Monday, September 28, 2015


I was gone from the house only a day and a half. Two nights. When I drove up, I felt that something wasn’t quite right. The dogsitter was parked in front of the garage so I couldn’t go in the normal way, but that wasn’t even it. I parked and grabbed my weird bundle of stuff (half a loaf of bread, a sweater that needs new buttons) and trundled in.

I didn’t have to look directly at the hornets’ nest to know that it had been violated. My stomach twisted in recognition before my eyes had registered what had happened. The nest was a damp, wet color, dark and greasy. It was quiet and limp. A dead hornet clung in the entrance, its body curled and its wings aloft. All around it on the siding of the house a great wet stain, glistening with poisonous wasp-killer.

While I was gone--and without my permission--someone came and killed them.

My dog sitter was in the kitchen eating her lunch. I was early, and had taken her by surprise, and I didn't feel like ruining her lunch, so I said nothing of the stain on the house or the carnage it marked. We talked instead about the dogs. Her puppy brought me toys from the bin. I told her about Captain’s Hanukkah dog; the puppy brought me a Kong. She finished her lunch and left. 

I sobbed for the dead queens.

I realized that I was holding out for the promise of the queens emerging to get me through October. We are leaving. It's true. October promises to be busy and includes a yet-to-be-scheduled move and packing and the long lists of things to remember. We don’t even have a place to go yet. The landlord has put someone to work scraping and painting outside, so I can no longer go out and see sunset o'clock without getting chips of paint stuck to the bottoms of my feet. No wonder the hornets’ nest was spotted. Someone was helping out.

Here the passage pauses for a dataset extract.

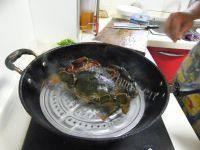 很有食欲的炒海蟹做法图解4)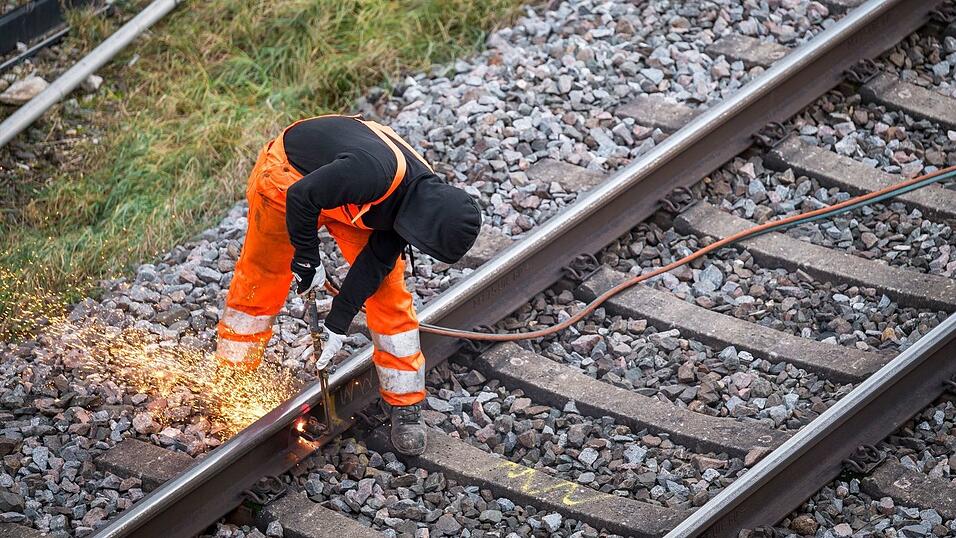 Die Bahn will 2026 in Bayern zusätzlich knapp 40 Kilometer neue Gleise und 20 neue Weichen verlegen. (Symbolbild) Die Bahn will 2026 in Bayern zusätzlich knapp 40 Kilometer neue Gleise und 20 neue Weichen verlegen. (Symbolbild)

I texted my husband a string of unintelligible nonsense, but including the word “hyperventilating,” correctly spelled, two times. The hornets were dead. The queens were dead. All their work was for nothing. All my hopeful waiting wasted.

I texted various other people who I knew would sympathize. I sighed a lot. The nest had been almost done. There was no reason to soak it in poison. The nights are getting colder, and the workers were dying off already. The whole future of these bald-faced hornets was in the few queens that were meant to emerge last. They would be over-wintering in the trees. I loved that hornets’ nest. I thought people knew. I talked about it a lot, I took pictures, and now the pictures are all I have.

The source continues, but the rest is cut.